- Directions: Output exactly, and only, the lines below from the one with "GE JBP74 owner" down to the one with "Vintage Frosted Glass". Include both end lines and no pictures.
*** Opening Records ***
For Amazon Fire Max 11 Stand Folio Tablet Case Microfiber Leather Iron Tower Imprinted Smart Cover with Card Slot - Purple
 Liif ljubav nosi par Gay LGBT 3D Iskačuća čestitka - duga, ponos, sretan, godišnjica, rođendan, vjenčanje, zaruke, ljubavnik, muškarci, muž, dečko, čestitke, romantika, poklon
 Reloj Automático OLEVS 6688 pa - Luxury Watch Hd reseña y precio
*** Closing Records ***
*** Opening Records ***
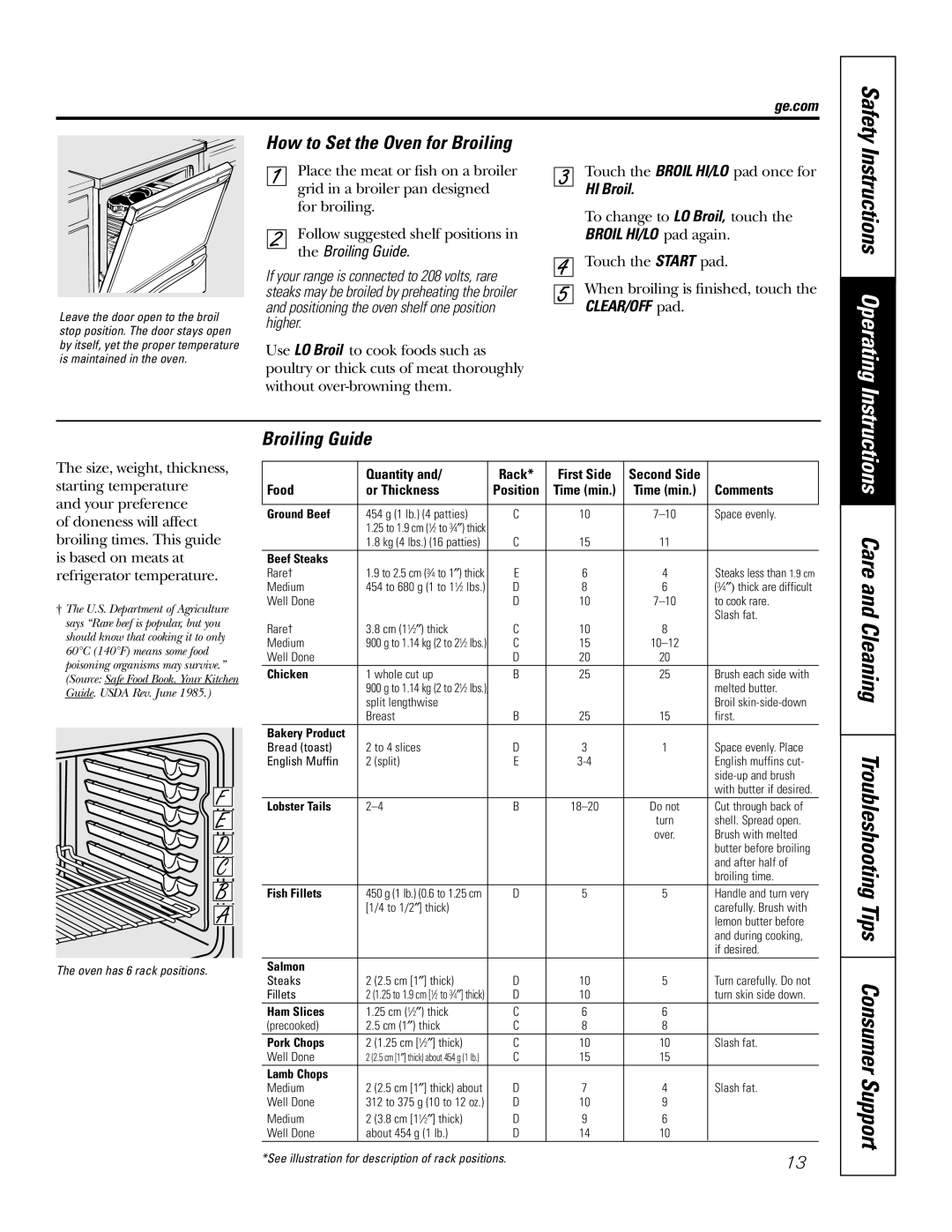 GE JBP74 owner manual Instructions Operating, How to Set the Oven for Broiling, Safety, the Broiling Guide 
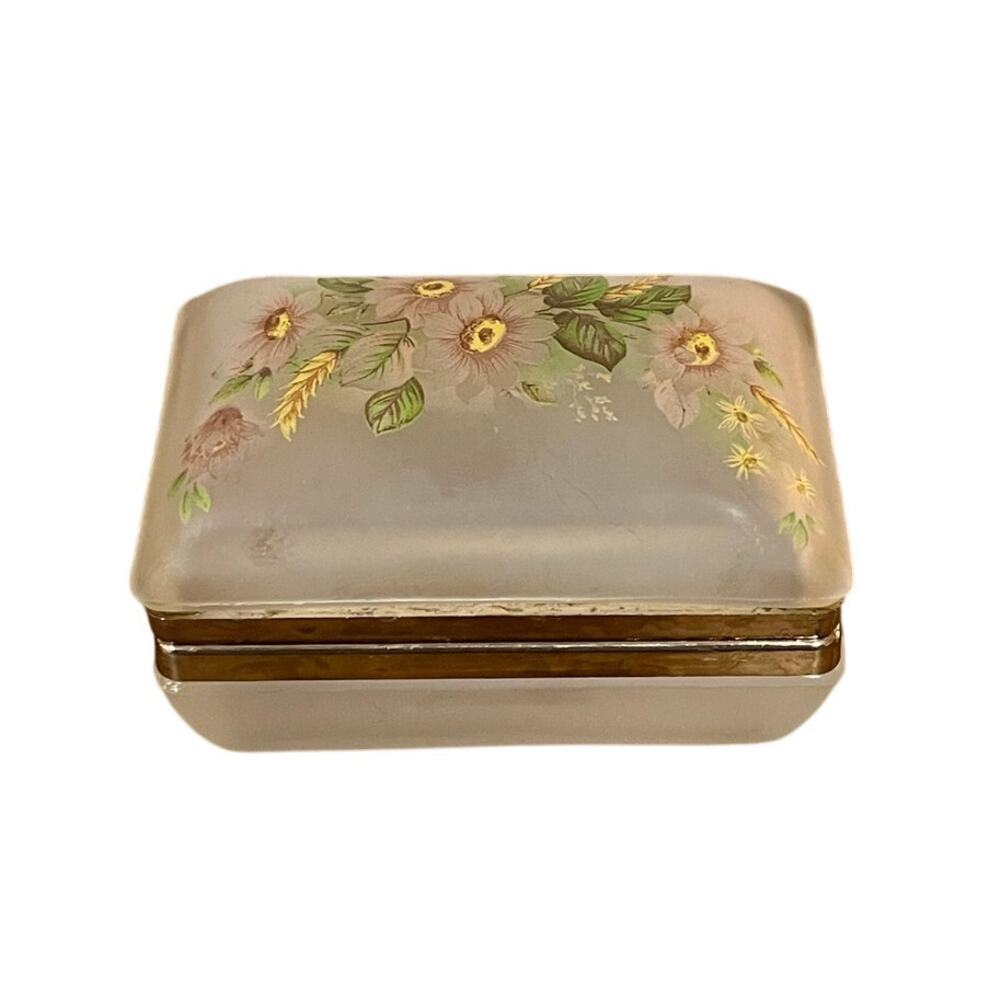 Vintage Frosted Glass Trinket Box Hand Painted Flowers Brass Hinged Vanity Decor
*** Closing Records ***
*** Opening Records ***
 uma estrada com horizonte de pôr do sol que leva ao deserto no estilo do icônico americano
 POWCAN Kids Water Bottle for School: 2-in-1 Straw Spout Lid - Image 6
*** Closing Records ***
- Written response:
 GE JBP74 owner manual Instructions Operating, How to Set the Oven for Broiling, Safety, the Broiling Guide 
 Vintage Frosted Glass Trinket Box Hand Painted Flowers Brass Hinged Vanity Decor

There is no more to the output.